If women can’t decide for themselves when and if to have children and are instead at the mercy of men and nature, there will simply never be 50 per cent of us at that table, or in any halls of power. The men of the Republican Party know this just as well as women do.

Of course, the reality behind the photo is nearly as disturbing as the image itself. There weren’t many women in that room because the Freedom Caucus appears to be almost entirely male. Women make up less than 9 per cent of Congressional Republicans.

Most white Cabine

Trump’s Cabinet is the most white and male in 35 years. Among his top staff members, men outnumber women 2 to 1. From the top of the Republican Party on down, men run the show; there just aren’t enough women for every photo.

Yet this, too, is a choice, and it also sends a message about the party’s values and to whom it appeals. Republicans bank on a white male voter base that is shrinking demographically, yet they are making no real effort to broaden their appeal, perhaps counting on voter suppression to make it harder for likely Democratic voters to cast their ballots, and simultaneously throwing red meat to the men they need to turn out to carry them to victory.

That’s why Trump’s infamous lewd comments about his conduct with women weren’t actually a liability. The people those comments offended weren’t going to vote for him in the first place, and the people most drawn to Trump liked him because he’s an unrepentant chauvinist, not in spite of it.

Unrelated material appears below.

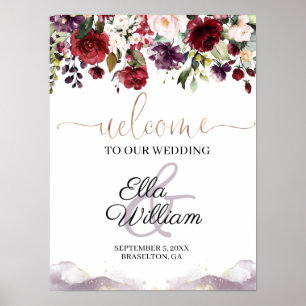 Burgundy Floral Wedding Welcome Sign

The Trump team is well aware of this dynamic, which is why it doesn’t spend much time worrying about even putting forward a facade of diversity. The great America it promised has white men at the top, and that’s the image they’re projecting, figuratively and literally. It’s not an error, it’s the game plan.

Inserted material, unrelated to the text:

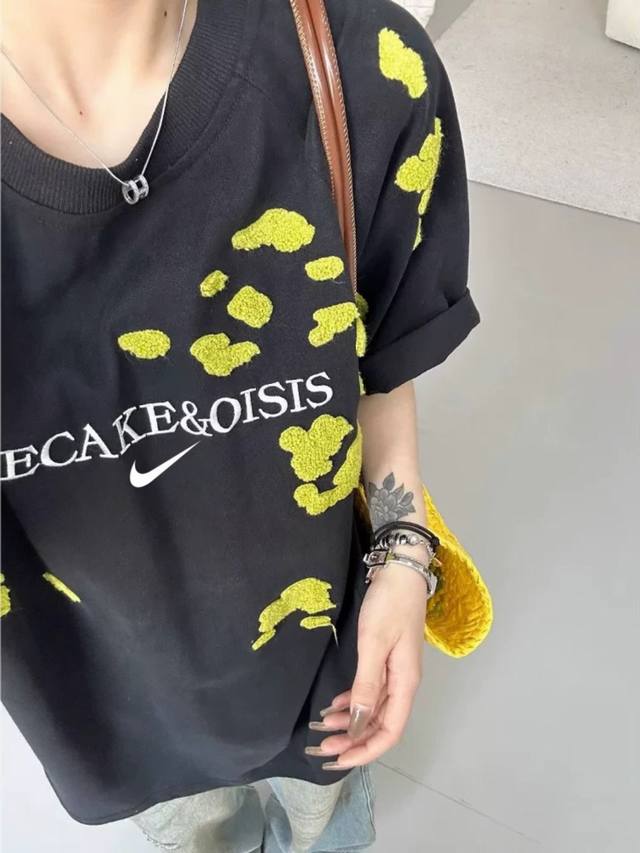 New Nike Green Cloud Towel Embroidery Splicing Ins Neckline Ribbed Knit Couple S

Of course, it might be a losing one — despite seven years of lead time and a majority in Congress, Republicans couldn’t cobble together a health care bill they could all agree on.

That failure came because the men of the Freedom Caucus refused to vote for a bill that didn’t meet every one of their demands, and the demands of theirs that were met were sufficiently alienating to the more moderate members of their party that many of them (including several women) probably weren’t going to vote for the bill, either.

The incompetence of the boys’ club effectively saved funding for Planned Parenthood and insurance coverage of maternity care. But don’t expect them to learn the lesson that this should be the last female-free image (and female-unfriendly policy) the Republican leadership proudly touts.

For liberal women, this latest all-male photo is a visualisation of their worst fears realised. For many Trump supporters, though, it’s evidence of a promise fulfilled.

— New York Times News Service

Jill Filipovic is a New York attorney and feminist author.